In order to learn how to fire a shot at the proper time, the shooter must make analysis of the time needed to settle and the duration of the minimum arc of movement.
The entire system, consisting of the shooter's body and the pistol, always undergoes a degree of movement. This is sometimes a pulsating, swaying or erratic arc of movement during aiming and firing a shot. The cause of this movement aside from conditions such as weather, is the action of the muscles maintaining the shooter's body in a definite position. Other action such as blood pulsation, causes movement of individual parts of the shooter's body and the pistol. The nature and extent of the arc of movement changes within the time being devoted to delivering a shot. For example, when the shooter is first getting his sight alignment and has not yet had time to settle his body and pistol, the extent of the movement is relatively great. As the body becomes balanced and the aiming is more precise, the arc of movement minimizes. After a certain length of time, the minimum arc of movement begins to increase, because the muscles begin to fatigue, and the shooter does not have enough air in his lungs to continue holding his breath. If we record the arc of movement, we will see a wavelike line with varying amplitude of oscillation (Figure 1-1).
It is obvious that under such circumstances the shooter must begin his smooth pressure on the trigger while not devoting too much attention to the arc of movement as long as it remains at the minimum.

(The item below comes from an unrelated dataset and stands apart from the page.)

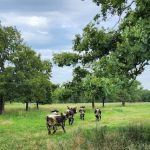 Professional Animal Health Center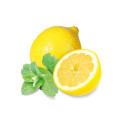 HARVIA saunos kvapų koncentratas, mėtų ir citrinų 100 ml - 0 HARVIA saunos kvapų koncentratas, mėtų ir citrinų 100 ml - 0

Continue to apply pressure on the trigger and intensely concentrate on keeping the sights in alignment. The resulting five to seven second period is the most favorable time for firing an accurate shot.
Taking into consideration the direct relationship between accuracy of shooting and the degree of immobility of the pistol when the shot is being delivered, the marksman must give greatest consideration to the selection of a stance, a position, a grip, and a means of breath control which will guarantee the greatest stability to both the pistol and the body. The relatively small degree of movement thus obtained provides a stable foundation, permitting use of the other fundamentals.